◆ **Given information**:
━━━━━━━━━━━━━━━━━━━━

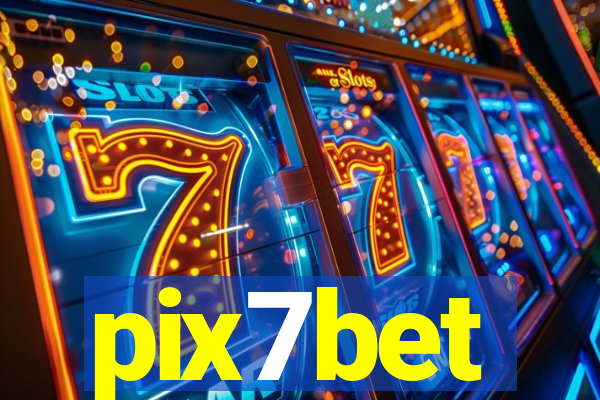 pix7bet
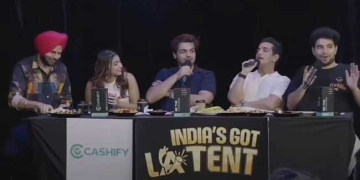 इंडिया गॉट लेटेंट विवाद पर डॉक्यूमेंट्री लाएंगे रणवीर इलाहाबादिया, अगले महीने रिलीज का ऐलान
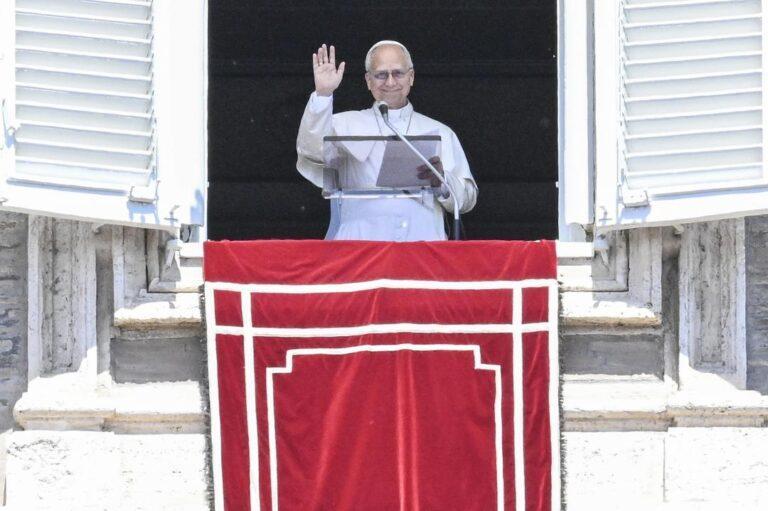 Denuncia el Papa la frecuente violación de la libertad de prensa en el mundo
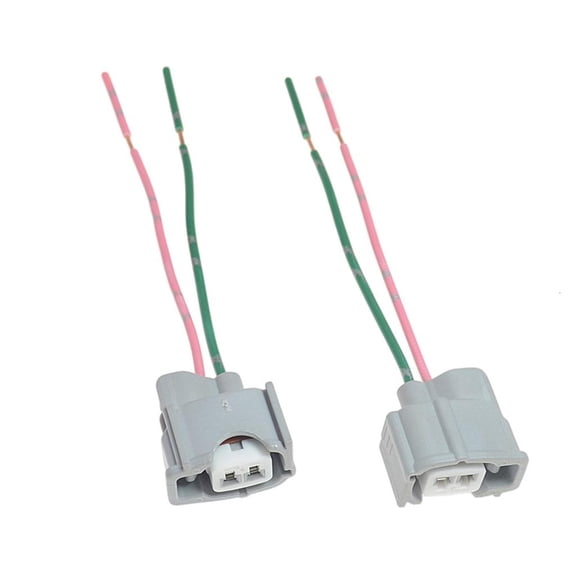 Multipurpose Sensors Fuels Injectors Plugs With Secure Connection And Sensors Connectors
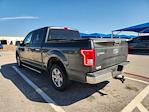 2015 Ford F-150 SuperCrew Cab RWD Pickup for sale #252463A1 - photo 2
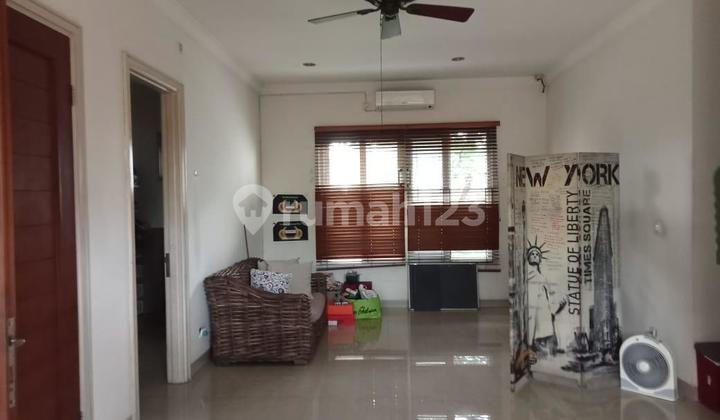 Sutera Lavender Alam Sutera, Private Pool, Type Master 2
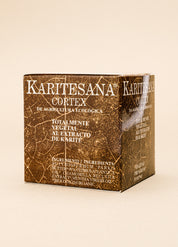 Karitesana Cortex - Burro di Karité Elasticizzante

━━━━━━━━━━━━━━━━━━━━

◆ **Description of the task**:
Leave out the pictures, and please output only the lines from the line that contains "Multipurpose Sensors Fuels" through the end of the data, both ends included.

◆ **Solution to this exercise**:
 Multipurpose Sensors Fuels Injectors Plugs With Secure Connection And Sensors Connectors
 2015 Ford F-150 SuperCrew Cab RWD Pickup for sale #252463A1 - photo 2
 Sutera Lavender Alam Sutera, Private Pool, Type Master 2
 Karitesana Cortex - Burro di Karité Elasticizzante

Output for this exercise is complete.